EXERCISE GOAL - Your answer must be the full listing below, restated word for word, with no pictures in it.

INFORMATION PROVIDED -
:::::

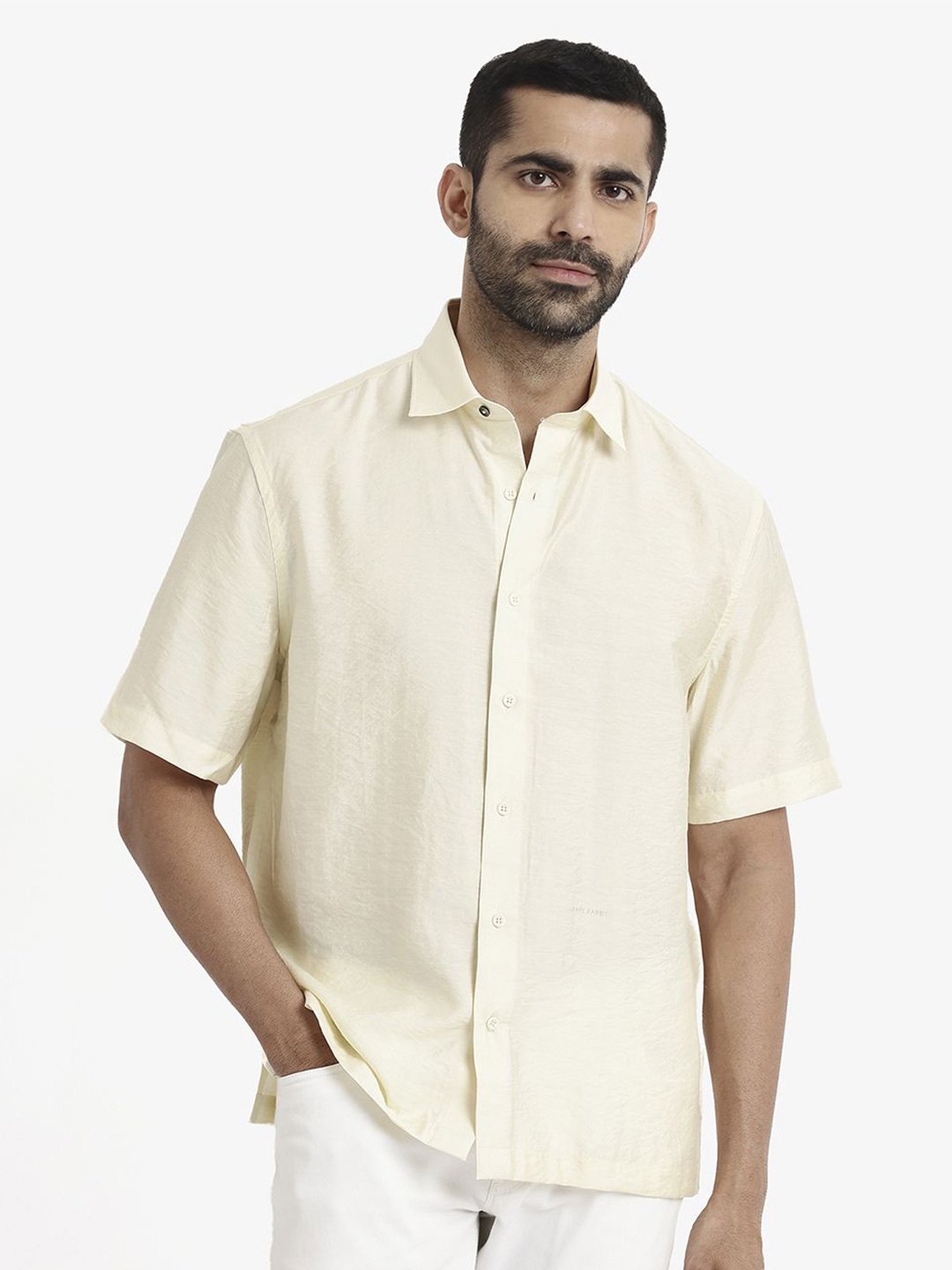 

RARE RABBIT Men Comfort Spread Collar Solid Casual Shirt, White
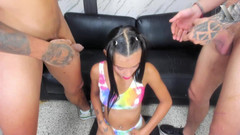 Latin bitch: 粗暴口交，含面部操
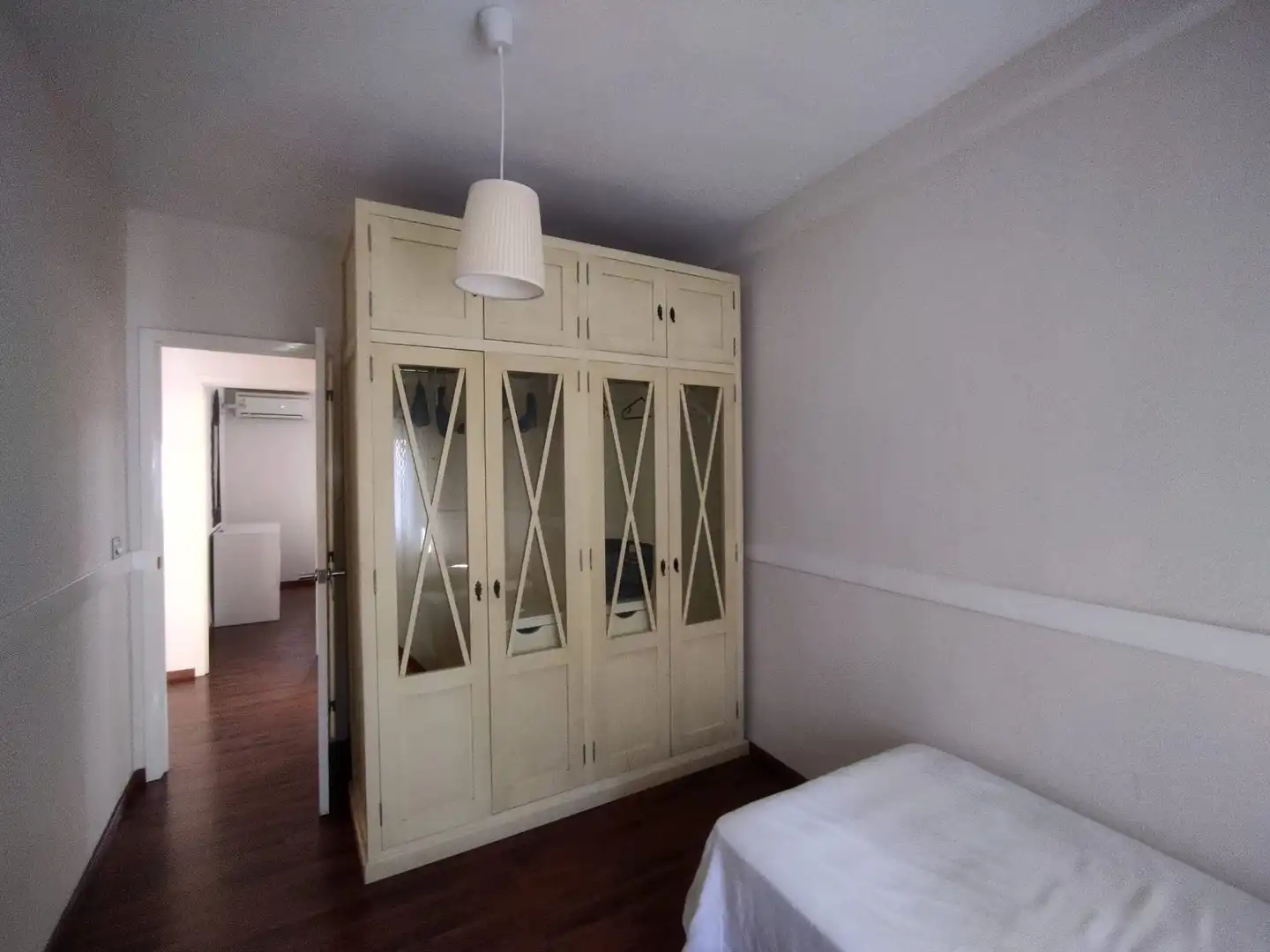 Habitación de Piso de alquiler en Sevilla con Aire acondicionado, Calefacción y Amueblado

:::::

WRITTEN SOLUTION -
RARE RABBIT Men Comfort Spread Collar Solid Casual Shirt, White
 Latin bitch: 粗暴口交，含面部操
 Habitación de Piso de alquiler en Sevilla con Aire acondicionado, Calefacción y Amueblado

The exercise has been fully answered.